D&T reported on a public consultation regarding the future of BTECs in January, with the result that the deadline for responses was extended to allow a new influx of stakeholders to make their concerns heard. In the government's response document published in mid-July, it is confirmed that Level 3 qualifications will be ‘simplified’ to a binary choice between A Levels and T Levels – effectively spelling the end of the BTEC or Cambridge Technical. Concern has been widely raised that there is at present no plan for a T Level in Performing Arts, meaning that under the current proposals students wishing to study this subject post-16 would be limited only to an A Level in Drama: argued by many to be neither sufficiently vocational to guide students directly into a career in the performing arts, nor sufficiently accessible to a diverse student body, given that at present Advanced General Qualifications (AGQs) such as BTECs are taken by a higher proportion of students from disadvantaged backgrounds, or with SEND.

Reading the response document closely, this is still a work-in-progress, and it seems to be being recognised on a very tentative level that concession may need to be made for performing arts:

‘Large qualifications (including AGQs larger than one A level) will only be approved if there is clear evidence of links to specialist HE courses in areas not well served by A levels. They will also only be approved if they do not overlap with T Level areas. This could include qualifications in areas such as performing and creative arts.’

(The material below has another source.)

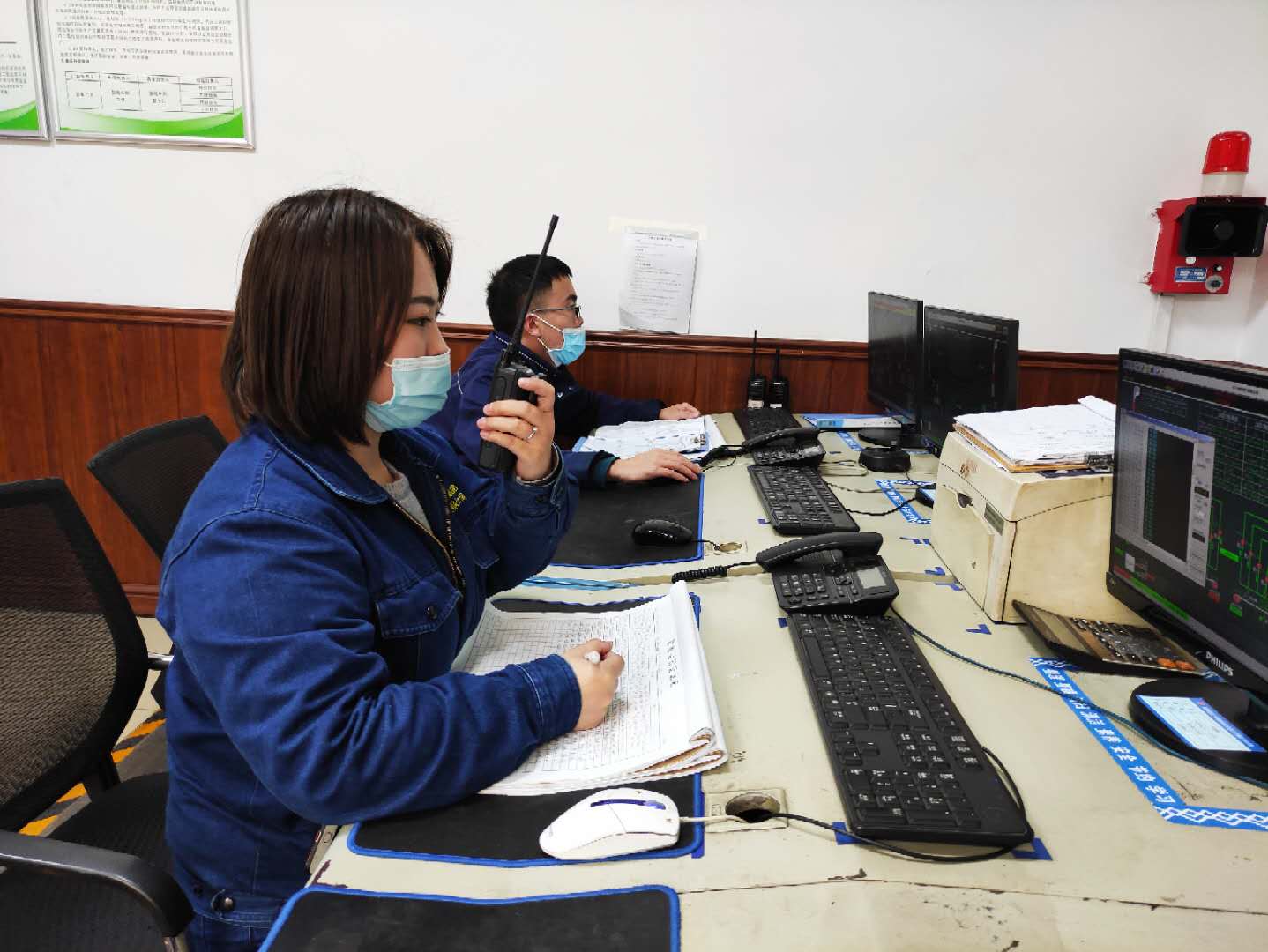 筑穩安全堤壩 奠定發展之基 筑穩安全堤壩 奠定發展之基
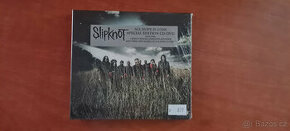 Prodám Slipknot - All Hope Is Gone CD+DVD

As far as next steps are concerned, the document states that ‘Ofqual will lead the review of qualification-related materials for academic qualifications, working with ESFA who will be reviewing qualifications for evidence relating to necessity.’ The next key point in the process for stakeholders in performing arts education will come, therefore, at the end of this academic year, when the government will ‘Remove funding approval from existing technical qualifications that overlap with wave 1 and 2 T Levels,’ saying, ‘We plan to publish a finalised list of these qualifications before the end of academic year 2021/22.’ Naturally, D&T will report, and continue to advocate for young people and their futures, as the process continues.

Meanwhile, I wish you a positive start to a successful, and hopefully more ‘normal’ new academic year.